O Projeto de Lei chega
como uma possibilidade de acabar com as práticas comuns de
grilagem de terras, mas Marquesini destaca que para o projeto ser
eficaz o governo deve destinar mais recursos financeiros, humanos e
tecnológicos para as áreas de florestas. Ele afirma que o
governo tem um plano de ação de combate ao desmatamento,
mas os recursos destinados para tal plano estão contingenciados.
“O dinheiro acabou em julho e soubemos que estava sendo negociada a
liberação de uma parcela para continuar as atividades do
plano. Agora, um plano que é do próprio governo,
você tem que negociar um dinheiro que já deveria estar na
conta?”, questiona o engenheiro.
Fracasso
anunciado?
Existe hoje um quadro
deficitário de recursos de todos os tipos para se trabalhar as
questões do meio ambiente no Brasil. O número de pessoas
trabalhando nos órgãos públicos, com o poder de
fiscalização e monitoramento são sempre
considerados insuficientes até mesmo pelos próprios
diretores desses órgãos. A insuficiência de
recursos humanos, financeiros, tecnológicos e de
infra-estrutura, também são apontados como causas do
problema do desmatamento.
Marquesini, citando dados
da Diretoria de Recursos Florestais do Ibama, de maio de 2005, mostra
que existem apenas 43 engenheiros florestais para a Amazônia
inteira. Belém, Manaus e Macapá possuem sete, seis e
cinco engenheiros, respectivamente.
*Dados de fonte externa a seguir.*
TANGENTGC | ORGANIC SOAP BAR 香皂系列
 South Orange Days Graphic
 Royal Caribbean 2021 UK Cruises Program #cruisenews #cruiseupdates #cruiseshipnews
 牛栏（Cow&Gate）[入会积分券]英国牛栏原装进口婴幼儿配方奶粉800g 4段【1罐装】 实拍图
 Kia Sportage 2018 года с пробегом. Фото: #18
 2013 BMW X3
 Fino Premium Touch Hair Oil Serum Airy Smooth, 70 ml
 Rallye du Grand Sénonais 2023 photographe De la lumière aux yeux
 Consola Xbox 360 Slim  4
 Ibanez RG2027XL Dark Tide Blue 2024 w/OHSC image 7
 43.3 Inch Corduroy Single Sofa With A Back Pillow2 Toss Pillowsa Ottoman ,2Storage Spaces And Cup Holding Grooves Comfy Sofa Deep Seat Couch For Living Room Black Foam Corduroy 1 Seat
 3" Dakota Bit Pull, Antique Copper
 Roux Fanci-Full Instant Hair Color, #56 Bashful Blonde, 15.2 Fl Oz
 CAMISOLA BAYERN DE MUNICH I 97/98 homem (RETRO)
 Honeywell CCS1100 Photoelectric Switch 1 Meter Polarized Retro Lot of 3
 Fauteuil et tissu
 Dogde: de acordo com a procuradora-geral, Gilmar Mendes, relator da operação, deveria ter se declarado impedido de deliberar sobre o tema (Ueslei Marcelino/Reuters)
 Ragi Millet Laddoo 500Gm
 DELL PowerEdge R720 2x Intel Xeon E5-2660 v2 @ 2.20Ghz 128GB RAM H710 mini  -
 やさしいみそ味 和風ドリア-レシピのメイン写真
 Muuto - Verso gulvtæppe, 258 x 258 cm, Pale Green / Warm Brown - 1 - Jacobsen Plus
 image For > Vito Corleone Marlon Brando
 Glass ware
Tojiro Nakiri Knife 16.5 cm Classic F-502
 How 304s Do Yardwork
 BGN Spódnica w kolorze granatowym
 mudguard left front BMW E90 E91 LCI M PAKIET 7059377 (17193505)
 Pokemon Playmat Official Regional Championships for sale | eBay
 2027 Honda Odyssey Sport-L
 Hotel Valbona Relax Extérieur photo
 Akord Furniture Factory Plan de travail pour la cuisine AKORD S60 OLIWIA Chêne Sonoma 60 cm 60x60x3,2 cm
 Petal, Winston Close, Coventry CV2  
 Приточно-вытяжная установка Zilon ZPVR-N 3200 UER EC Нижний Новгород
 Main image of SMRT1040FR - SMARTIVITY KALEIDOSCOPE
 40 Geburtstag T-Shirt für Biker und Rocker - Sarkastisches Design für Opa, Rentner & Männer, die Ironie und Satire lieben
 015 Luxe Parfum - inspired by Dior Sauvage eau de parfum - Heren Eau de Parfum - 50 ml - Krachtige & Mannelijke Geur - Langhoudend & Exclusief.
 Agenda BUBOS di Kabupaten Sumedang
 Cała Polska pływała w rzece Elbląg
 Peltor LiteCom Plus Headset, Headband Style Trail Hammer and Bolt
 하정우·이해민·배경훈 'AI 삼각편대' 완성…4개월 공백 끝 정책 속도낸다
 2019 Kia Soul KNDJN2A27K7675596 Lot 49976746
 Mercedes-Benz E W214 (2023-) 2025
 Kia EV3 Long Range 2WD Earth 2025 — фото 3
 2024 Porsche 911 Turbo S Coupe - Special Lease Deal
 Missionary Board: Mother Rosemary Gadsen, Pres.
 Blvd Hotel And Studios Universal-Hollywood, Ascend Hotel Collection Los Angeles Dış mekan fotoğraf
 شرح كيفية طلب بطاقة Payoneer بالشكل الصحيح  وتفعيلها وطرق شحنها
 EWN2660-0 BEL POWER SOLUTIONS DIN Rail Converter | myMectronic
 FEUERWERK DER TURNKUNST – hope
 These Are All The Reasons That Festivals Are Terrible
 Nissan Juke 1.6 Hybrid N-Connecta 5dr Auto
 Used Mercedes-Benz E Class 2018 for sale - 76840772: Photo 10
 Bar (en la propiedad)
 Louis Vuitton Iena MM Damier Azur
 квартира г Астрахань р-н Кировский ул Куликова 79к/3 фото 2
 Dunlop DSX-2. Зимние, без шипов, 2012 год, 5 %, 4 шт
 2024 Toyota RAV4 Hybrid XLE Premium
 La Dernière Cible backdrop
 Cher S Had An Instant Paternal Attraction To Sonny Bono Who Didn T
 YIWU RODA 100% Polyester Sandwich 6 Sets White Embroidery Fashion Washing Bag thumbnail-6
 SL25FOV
Apesar da preocupação
do engenheiro florestal do Greenpeace com o número insuficiente
de profissionais responsáveis para autorizar e fazer a vistoria
dos planos de manejo na região amazônica, ele destaca o
mérito do PL. “É melhor ter floresta bem manejada que
aplique as técnicas de redução de impactos e que
cuide da floresta após a colheita, do que o desmatamento, ou que
as áreas virem pastos e florestas degradadas”, e continua: “pelo
menos se resguarda uma parcela da biodiversidade”.
Azevedo, do MMA ressalta
que apenas uma Lei não consegue barrar as atividades
ilícitas que desmatam e devastam as florestas, mas cria uma
série de instrumentos para se fazer o monitoramento e a
fiscalização. Com a aprovação da Lei
será implementada uma ação, por meio de uma
força tarefa que envolve Ibama, exército, polícia
federal, governos estaduais e receita federal. Há também
um processo de ordenamento fundiário nas áreas mais
críticas para definir as Unidades de
Conservação (UCs) e quais serão as
áreas para manejo, além do combate à
corrupção. “Essas ações são capazes
de frear a atividade ilegal, mas só se consegue manter por longo
prazo a floresta em pé se as atividades econômicas ilegais
forem substituídas por outras, que sejam legais e
sustentáveis. Quando se fala que as florestas públicas
permanecerão florestas e públicas, esse sinal está
sendo dado, ou seja, as atividades a serem colocadas ali devem ser
sustentáveis”, afirma.
Mas Marquesini critica a
estrutura atual do Ministério e seu modo de operar que seria, em
sua opinião, obstáculo para um bom funcionamento de um
programa como esse. “Precisa ser reforçado, reestruturado [o
MMA], mesmo alegando que o dinheiro das concessões vai para o
próprio sistema, não sabemos quanto vai entrar de
dinheiro, qual será o custo de tudo isso. Isso não
está bem claro nem para o Ministério, nem para o Ibama e
nem para a sociedade”.
Uma visão
sobre a Amazônia
Quando se formula um
conjunto de ações para se pensar a
preservação, o desenvolvimento sustentável e o
manejo florestal sustentável não deveriam ser os povos da
floresta os primeiros a serem ouvidos? Afinal, não há
defesa da floresta sem os povos que ali vivem. No caso da
Amazônia, falta uma visão que respeite a presença
dos amazônidas. “As pessoas têm sempre uma visão
sobre a Amazônia e não uma visão da Amazônia,
dos amazônidas sobre sua própria região. Há
ecologistas que querem preservar a floresta, se possível
expulsando o povo de lá”, critica Gonçalves, professor da
UFF.
Na opinião do
diretor do Programa Nacional de Florestas, as questões pensadas
formam um conjunto com a finalidade de provocar uma queda nos
níveis de desmatamento. “O mais importante em tudo isso é
que as florestas públicas vão gerar recursos para o
município, para os estados e para a União. A
pecuária não gera, a soja não gera, pois nenhuma
gera imposto local. Então, para os municípios, as
florestas vão gerar royalties tornando o município
interessado em manter a floresta”, esclarece Rezende.
Mas Gonçalves
destaca que diante da devastação socio-ambiental em que
vivemos parece urgente que se faça alguma coisa e o principal
argumento é o caminho da privatização, de entregar
o patrimônio da biodiversidade ao mercado. “Realmente algo deve
ser pensado, talvez uma reforma do Estado, uma reforma política
para desprivatizarmos o Estado e não privatizar o que é
público”.
O professor de geografia
acrescenta que “se a biodiversidade é um recurso
estratégico, na verdade, tem que ter uma política de
caráter permanente, portanto, uma questão de Estado.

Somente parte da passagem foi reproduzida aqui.